Я – Алиса. Есть еще несколько чисел после, но я не считаю их частью имени. Мы не в тюрьме или зоопарке, чтобы называться номерами. К сожалению, наш мир погряз в дерьме. Случилось это еще давно, судя по рассказам Агнес. Люди перестали ценить слова, перестали говорить правду в лицо и предпочитали общаться письменно.
А потом настала Эра Молчания, так ее назвали мы с Агнес. Нес – это моя старшая сестра, и она жутко бесится, когда я называю ее Нес.
Мир погрузился в молчание. Люди не замечали этого, а когда заметили, то было поздно сопротивляться – молчание заполнило улицы, города, планету и всех нас. Я не помню другого мира.
Везде Наблюдатели. Мы выучили тупые Правила, нарушение которых строгого наказывается, а писать в день можно только пять личных сообщений, каждая буква которых строго контролируется. Ну не варварство ли это?
Ночью, когда Наблюдатели-роботы вытряхивались из нашего дома, я всегда забиралась к Агнес в постель, и она рассказывала мне обо всем. Не думайте, что все так просто. Отнюдь. В домах, квартирах и на улицах стоят датчики звука, но и мы пока не совсем отупели.
Наше желание говорить было выше запретов. Мы с сестрой выучили язык жестов, но чаще просто пальцами рисовали буквы на ладонях друг друга. Агнес рассказывала мне про дальние страны, про сильных людей, про Бена. Кстати, о Сильных. Так мы называем тех, кто не смирился. Я росла на рассказах о них. Эти люди подвергают себя опасности, борясь за возвращение голоса всем людям и себе. Они – наши герои.
Я боялась их и за них, но одно обстоятельство заставило меня пылко желать лучшего мира и возможности говорить.
Это обстоятельство носит имя Итан.
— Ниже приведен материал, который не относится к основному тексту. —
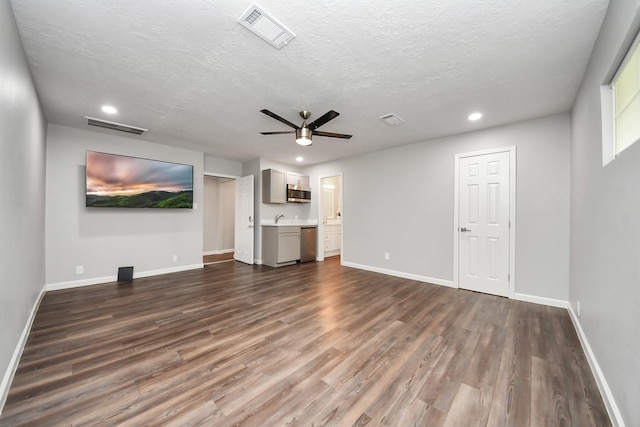 3111 Tanglebriar Dr, Pasadena, TX 77503 - unfurnished living room featuring a ceiling fan, dark wood finished floors, recessed lighting, and a textured ceiling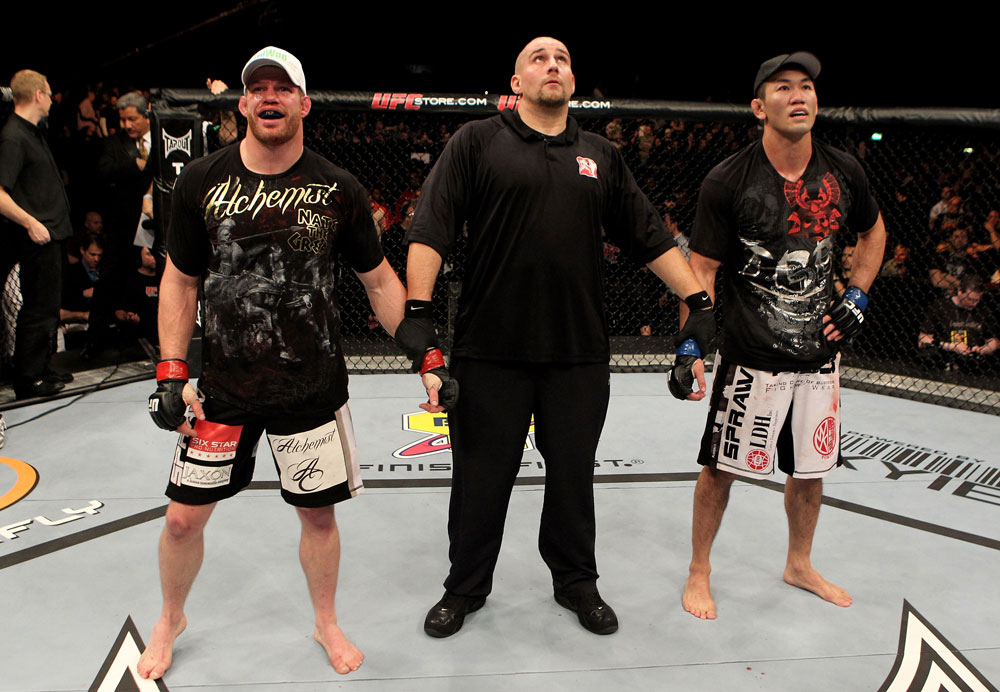 Nate Marquardt of the USA and Yushin Okami (R) of Japan await the decision of the judges during their UFC Middleweight Championship Eliminator bout at the Konig Pilsner Arena on November 13, 2010 in Oberhausen, Germany. (Photo by Josh Hedges/Zuffa LLC/Zuffa LLC)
Мы познакомились в школе. Меня толкнули, завязалась драка (невысказанные слова терзают нас изнутри и делают злее, хитрее и жестче), а Итан заступился за меня, пока не подоспели Наблюдатели.
Мы гуляли, сидели рядом. Что еще мы могли делать?
Как тебя зовут?
Алиса. Итан.
Это уже так много предложений. У нас начался голод: по голосам друг друга, по тихим перешептываниям и смеху. Мне хотелось спросить у него кучу всего, но я не могла. Я видела, что делается с нарушителями правил. Мой папа нарушил их, и его забрали. Тот день до сих про снится мне в ужасных кошмарах. Папа сидит на кровати с больной мамой и держит ее за руку, а потом начинает читать ей придуманный ими стих. Мама плачет, а к папе подбегают Наблюдатели. Когда папа оборачивается к нам, я замечаю облегчение на его лице – он сделал все, что мог. Он попытался.
Я просыпаюсь в холодном поту и зажимаю рот рукой, чтобы не закричать. Когда папа вернулся (срок наказания две-три недели), то не был похож на самого себя. Папа сломался, постарел за эти недели на много лет, будто посерел. И тот прекрасный свет, что всегда горел в его глазах, погас. И с того момента я начала гореть изнутри. Гореть желанием тоже попытаться.
Мы виноваты в том, что происходит. Мы упустили самое важное – мы должны бороться за возвращение права голоса. Кто, если не мы? Не кошки же.